→ **EXERCISE**: Set out exactly, and only, the lines running from the one containing "iPhone 15 Pro" to the bottom of the listing below; pictures stay out.

→ **AVAILABLE DATA**:
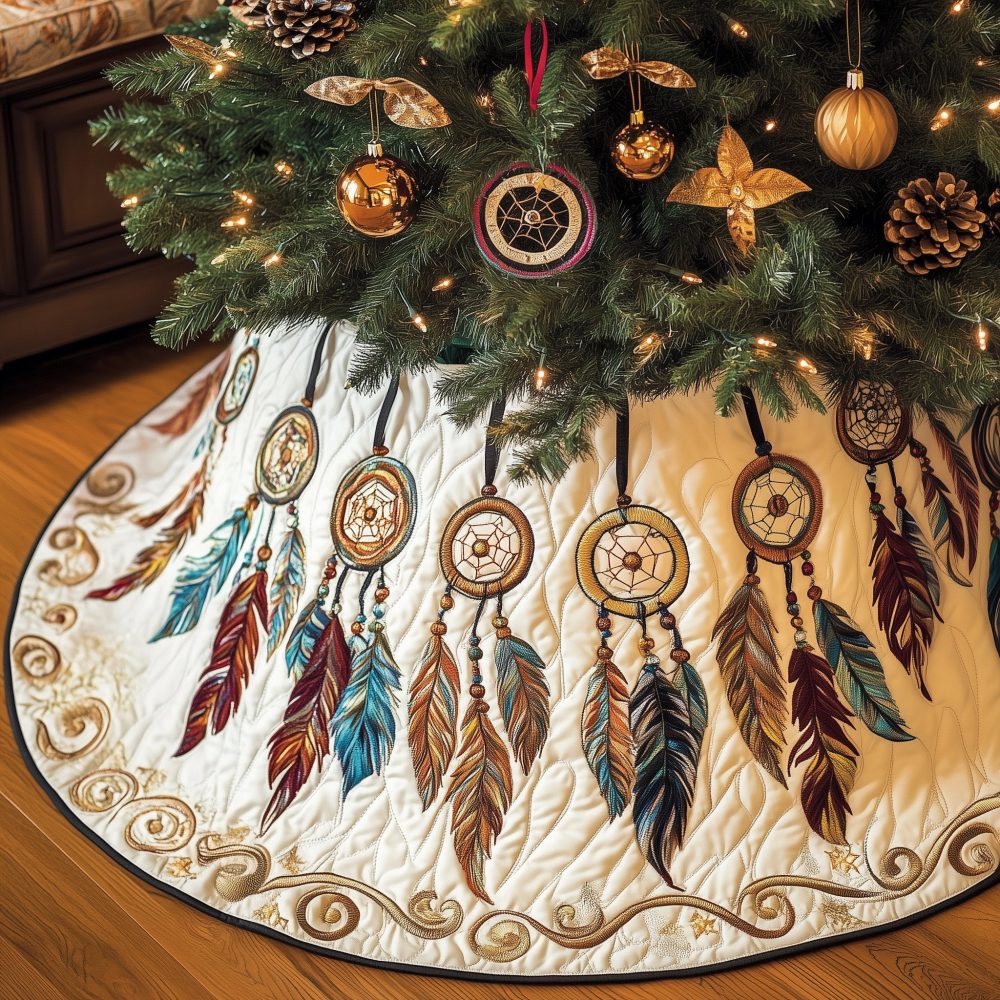 Cream Dreamcatcher & Feather Christmas Tree Skirt - Boho Handcrafted Made-To-Order Holiday Skirt With Soft Neutrals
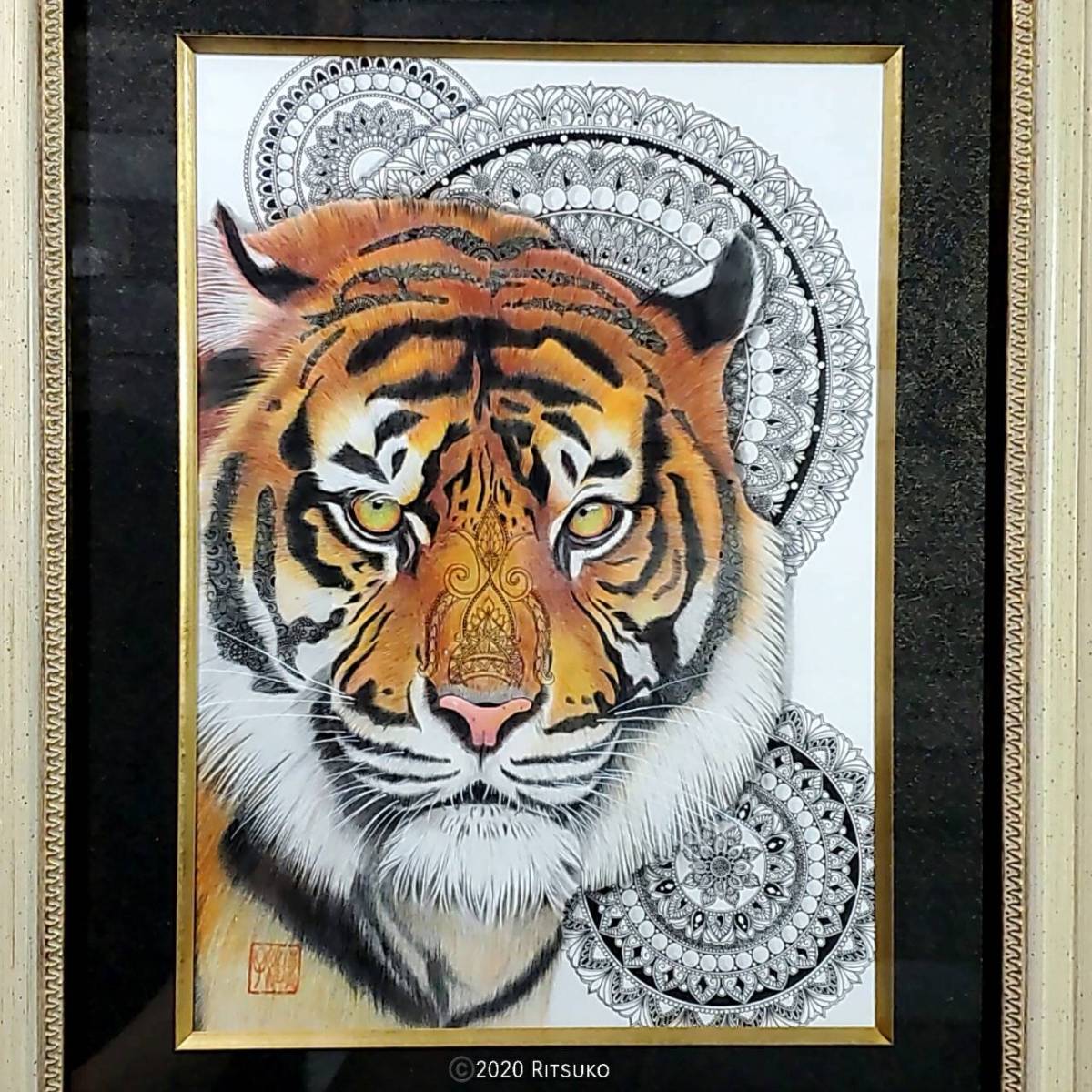 Original one-of-a-kind colored pencil drawing ballpoint pen drawing Japanese artist tiger tiger painting drawing art interior good luck tiger drawing zodiac sign, artwork, painting, pencil drawing, charcoal drawing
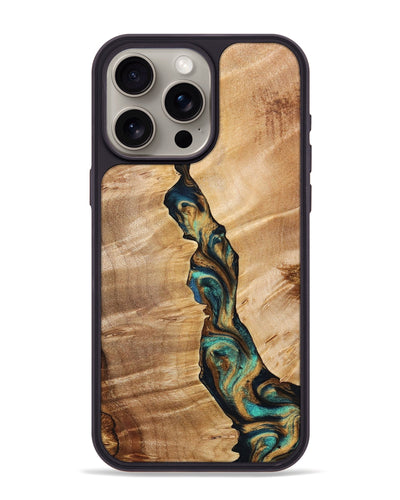 iPhone 15 Pro Max Wood+Resin Phone Case - Robert (Teal & Gold, 700377)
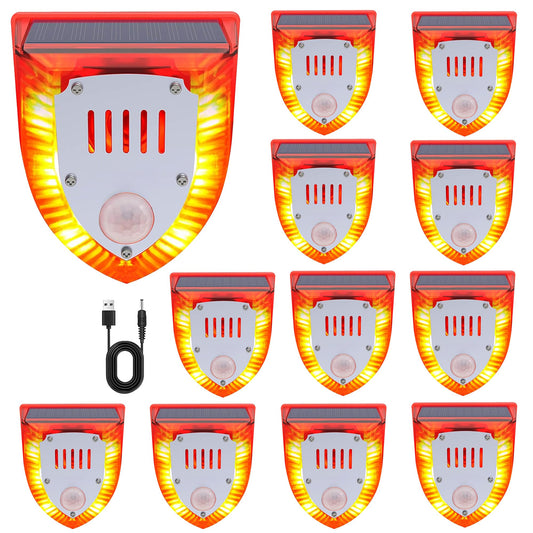 QXMH Solar Outdoor Motion Sensor Alarm: 129db Dog Barking & Gunshot Sound,Loud Motion Detector Noise Maker,Barking Dog Alarm Strobe Light Warning Lamp for Home Yard Barn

→ **OUTPUT BELOW**:
 iPhone 15 Pro Max Wood+Resin Phone Case - Robert (Teal & Gold, 700377)
 QXMH Solar Outdoor Motion Sensor Alarm: 129db Dog Barking & Gunshot Sound,Loud Motion Detector Noise Maker,Barking Dog Alarm Strobe Light Warning Lamp for Home Yard Barn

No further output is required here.